No matter how much the sessions improved and his reputation grew, Lead Belly never recorded a hit - at least not during his lifetime. Still, six months after his death, a group called The Weavers released a cover of “Good Night Irene” that gave him a first, if posthumous hit - which suggests how close he got (at least until you listen to The Weavers).

To finally turn to Lead Belly’s music, he did not “write” many original songs. As the Country Music Hall of Fame notes, he “[borrowed] from earlier blues and folk music,” but he would make the songs his own by rearranging the words, tempo and melody. He adopted the 12-string guitar as his instrument of choice - after seeing a Mexican guitarist playing one according to The Lead Belly Foundation - and he named his favorite “Stella. Lead Belly also did something unique with the tuning.
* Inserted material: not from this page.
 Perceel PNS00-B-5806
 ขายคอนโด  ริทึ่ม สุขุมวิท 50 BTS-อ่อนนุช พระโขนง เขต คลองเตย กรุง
From Wikipedia:

“[Lead Belly’s] guitar had a slightly longer scale length than a standard guitar, increasing the tension on the instrument, which, given the added tension of the six extra strings, meant that a trapeze-style tailpiece helped resist bridge lifting. It had slotted tuners and ladder bracing.”

Also:

“This technique, combined with low tunings and heavy strings, gives many of his recordings a piano-like sound. In fact, scholars have suggested much of his guitar playing was inspired equally by barrelhouse piano and the Mexican Bajo sexto.” [ed. - nice call-back.]
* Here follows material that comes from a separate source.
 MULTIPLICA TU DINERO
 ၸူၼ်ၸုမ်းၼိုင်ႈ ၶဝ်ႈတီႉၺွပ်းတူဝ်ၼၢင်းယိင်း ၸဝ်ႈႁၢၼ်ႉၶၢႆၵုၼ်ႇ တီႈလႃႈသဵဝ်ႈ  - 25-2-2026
That, combined with a considerable repertoire of songs, was what made Lead Belly’s career and the parts of his legend that didn’t involve the Lomaxes or prison time. Going the other way, would the Lomaxes have even found Lead Belly had he not gone to prison? Given how badly The Great Depression derailed most recording careers, would he have thrived like Tampa Red, or would he have dropped in and out of the business like Lonnie Johnson? Fame and financial successes eluded him in life, and a legacy only pays the bills for the people who survive you, but Lead Belly’s left a massive one, inspiring everyone from Van Morrison to George Harrison to Kurt Cobain. How many of people get that along with a neighborhood in Shreveport bearing his name?

About the Sampler
Because Lead Belly had so virtually no successful recordings during his lifetime, it was hard to lace them into his history. I did, however, make the conscious choice to include all the songs that appeared on The Midnight Special and Other Southern Prison Songs: “Midnight Special,” of course, but also “Pick a Bale of Cotton,” “Alabama Bound,” “Ham An’ Eggs,” “Grey Goose,” and “Stewball,” the last of which adds Billy Childish as another inspiree.
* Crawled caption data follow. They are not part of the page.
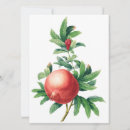 Buscar rosh hashanah postales Hojas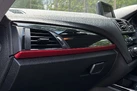 2015-bmw-1-series-15td-116d-sport-116bhp-3d-small-32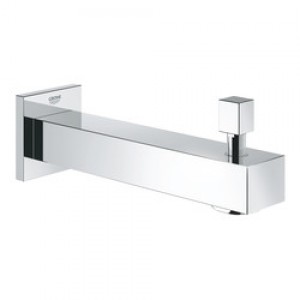 Grohe Eurocube Yön Değiştiricili Çıkış Ucu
The rest of the sampler, which I left at 22 songs for some damn reason, includes a mix of song later made more famous - e.g., “Where Did You Sleep Last Night” (aka, “In the Pines”) and “Black Betty” - plus songs various sources called his more famous tunes, e.g., “Packing Trunk Blues” (his first recording, I believe), “Good Night Irene,” “Roberta,” “Rock Island Line,” “Pretty Flower in Your Backyard,” and “National Defense Blues.” After that, it’s mostly songs I liked for one reason or another. In no particular order: “Easy Rider,” “Pigmeat,” “Leaving Blues,” “Sail on, Little Girl,” “Yellow Gal,” “Out on the Western Plains,” “Eagle Rock Rag” and “Good Morning Blues.”

Because it laid the foundation for so much of what came after it - in blues, rock ‘n’ roll and rock, when it came around - Lead Belly won’t confuse modern ears too much. The structure, even the narrative style, echoes loudly into music from the late 1950s to the present. That makes the bar of entry fairly low, but you’ll get even more out of him if you give it more time.